The social edition—combining social media, scholarly production and the “electronic form”–for example The Devonshire Manuscript—sits among the same chaos, uncertainty and ineffective censoring plaguing all of the world wide web.
Ray Siemens et al. in “Toward modeling the social edition: An approach to understanding the electronic scholarly edition in the context of new and emerging social media” (as well as in Pertinent Discussions Toward Modeling the Social Edition: Annotated Bibliographies) bring some strong, rational points to the pro-social edition debate. Social editions provide tools that make,
- text fluid,
- include “many readers/editors” instead of “a single editor”,
- and all together “broaden the editorial lens as well as the breadth, depth, and scope of any edition produced in this way.”
So what makes this different from the editorial process behind the publishing of a print edition? Take The Devonshire Manuscript as an example. The editors are forced to deal with the electronic form they have chosen–Wikibooks–and its limited list of tools for formatting and so on. The editors must answer to what should stay and what should go in the transfer from print to web, especially since Wikibooks offers a variety of options not possible in print. Lastly, with anyone who creates an account on Wikibooks able to edit The Devonshire Manuscript, “many readers/editors” becomes an understatement. But, do all of these cons suggest the social edition to be more destructive than beneficial? I don’t think so. Anything that takes what has been said and done and says and does it in a new way has the possibility of uncovering important truths on how we read and edit, and what information is important.

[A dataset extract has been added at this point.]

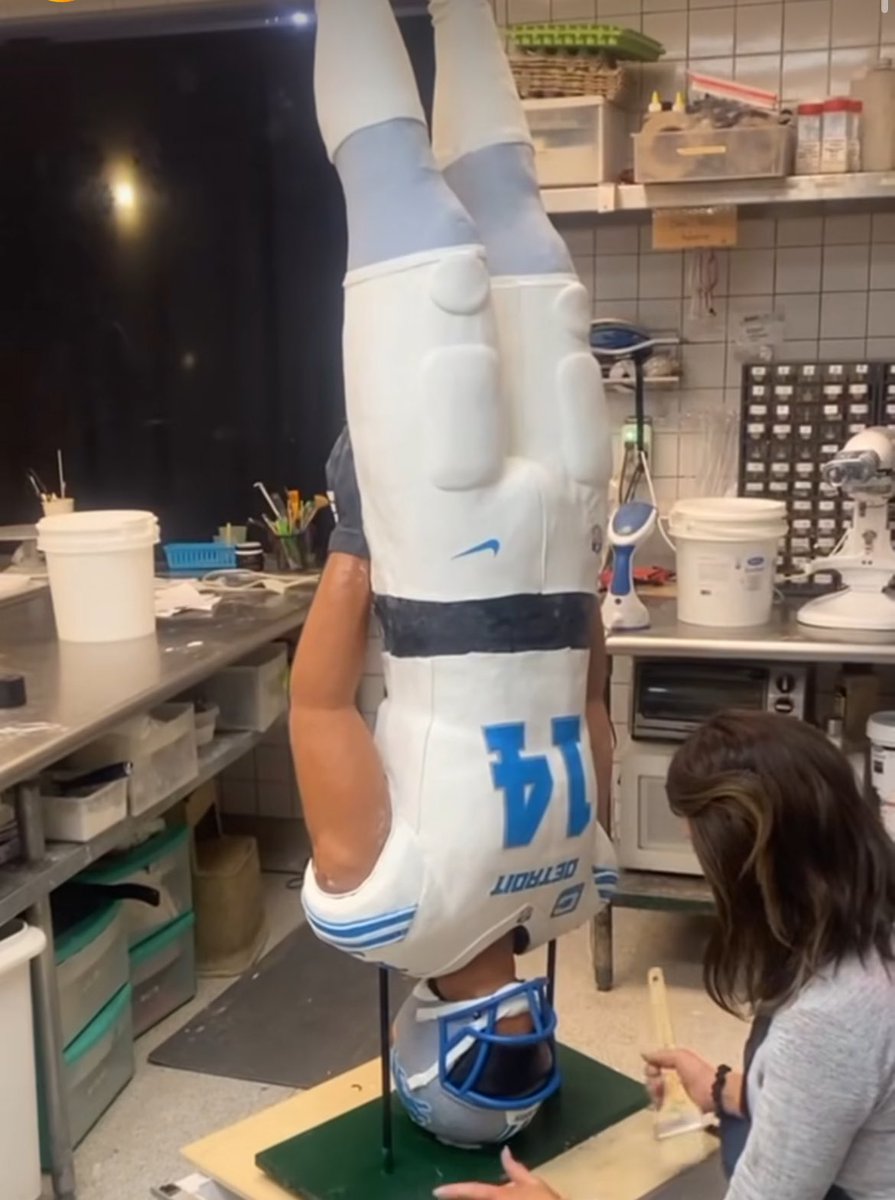 woodwardsports's tweet image. This Amon-Ra St. Brown cake done by The Home Bakery in Rochester, MI 👀🔥

Incredible!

I think the real issues behind the debates over the social edition are not visible among the strong and rational pros and cons, but rather around the fear of replacement, and losing control.
The Fear of Replacement
People are not ridiculous for very long. Yes, books have been destroyed in the name of modernization (in the cases on early book digitization), but eventually sense was regained and the process was, for the most part, dropped.
It’s like vinyl records and compact discs. Compact discs began taking over the market in the early 1990s and eventually largely replaced vinyl. But vinyl is not gone altogether. There are many artists who utilize vinyl and many shops who sell these records. As long as a group of people find value in them they will not disappear. The printed book will not disappear either. Has digitization negatively affected the curation of knowledge? Yes. But this practice is very new and is bound to have many faults. It is not as if the printing press is without its faults (more on this below).

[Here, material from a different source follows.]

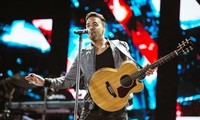 Luis Fonsi y sus hits en Vietnam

What it all boils down to: Loss of Control
We all know the hero arc, the story of the genius, but are either points of view representative of the real story? Neither genius or hero get very far without the help of others. The author navigates the same world. The authors role has not changed completely in digitization because they were never sole owners of that which they brought together. The amount of support and guidance involved in publishing a printed novel is astounding. With the social edition the work is more in the people’s hands than before. As Siemens et. al. discuss, the editor is not an “ultimate authority” anymore–complete control over what happens to the work is gone and this can be incredibly intimidating.
But, dramatic changes in the fluidity of our knowledge may be exactly what we need. Our cultures dedication to the written word has always meant slow change. Dedication to the printed word resulted in canons. Canons have only led to the marginalization of different genders/sexualities, races and classes. The majority of attempts to move away from the canon have only resulted in “alternative” education, which has not sufficiently addressed the canon and often only suggests that the canon is the norm and all other view points are variations on the norm.

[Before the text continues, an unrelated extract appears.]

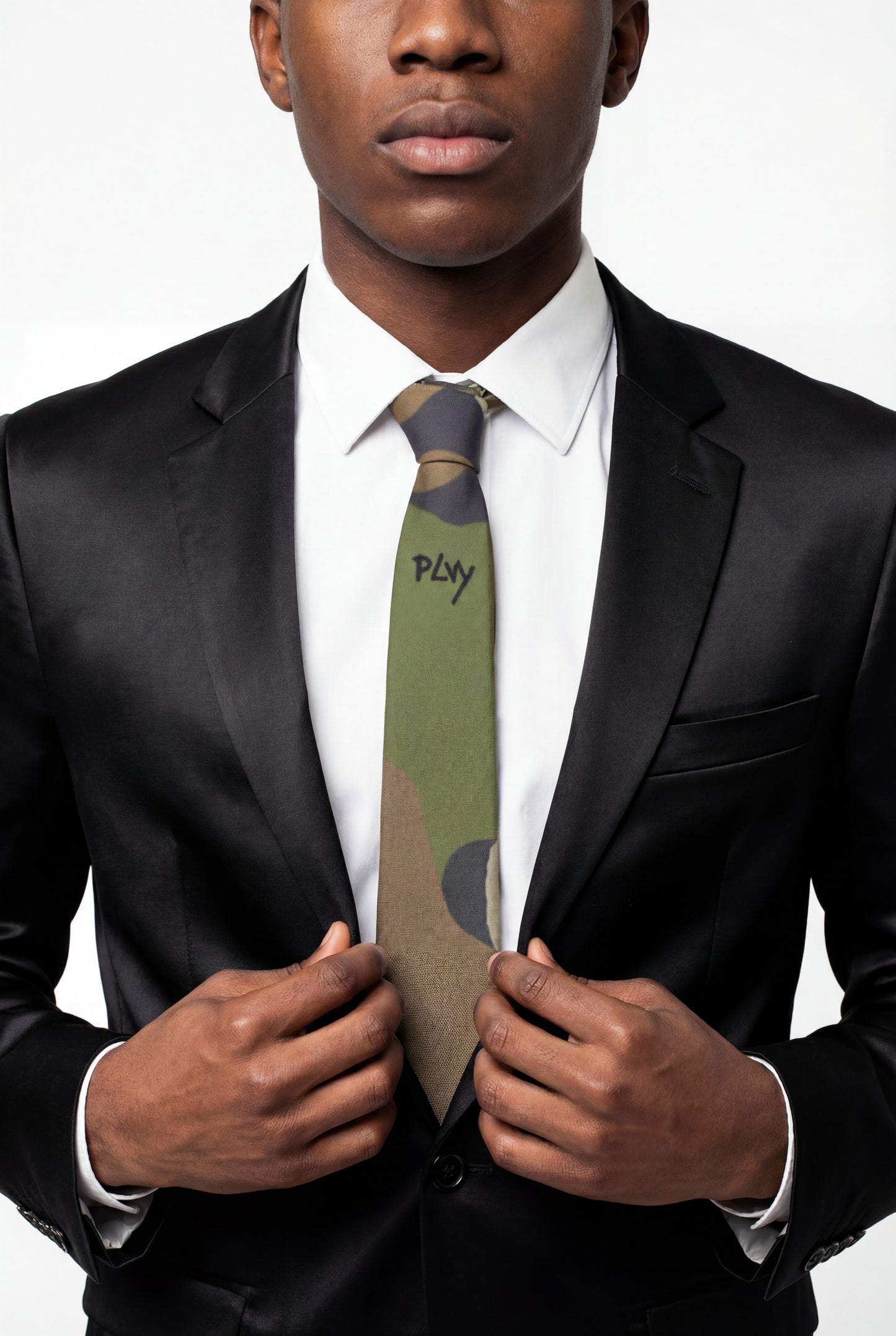 BOARDROOM BANDIT TIE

Losing complete control of authorship means that an entire social edition can be drastically edited–for the better or worse by anyone (for some electronic forms like Wikibooks and Wikisource). As the co-founder of Vlogbrothers said, when discussing cupstacking, “What! Why would anyone spend time doing that?” In this environment, publishing social editions can seem just as pointless. Graciously, Mr. Green supplies us with an interesting and simple answer “value is placed upon…things by mutual agreement of a group of people”.
I’ve never understood the stock exchange. Clamoring around, shifting imaginary numbers for something called an economy is just as mindboggling as sitting down with 16 people and deciding to edit and annotate a digital copy of the Tales of John Oliver Hobbes on Wikisource.
The value placed on the social edition is based on the mutual agreement of a group of people, this group just happens to be incredibly large. And like in a Democratic country, bringing the power to the people often disappoints, but if the common person has access to an increasing amount of knowledge common knowledge can also increase. Of course, the elitism of membership stands very much in the way and this is just one of the many issues that need to be addressed with the social edition–if one wants to make something truly social, should there not be the possibility of access to all that engage in society?
And so, there are many obstacles and many disadvantages to the social edition, but what isn’t fraught with holes? The potential for the social edition is more intoxicating and should be the future/focus of the concept.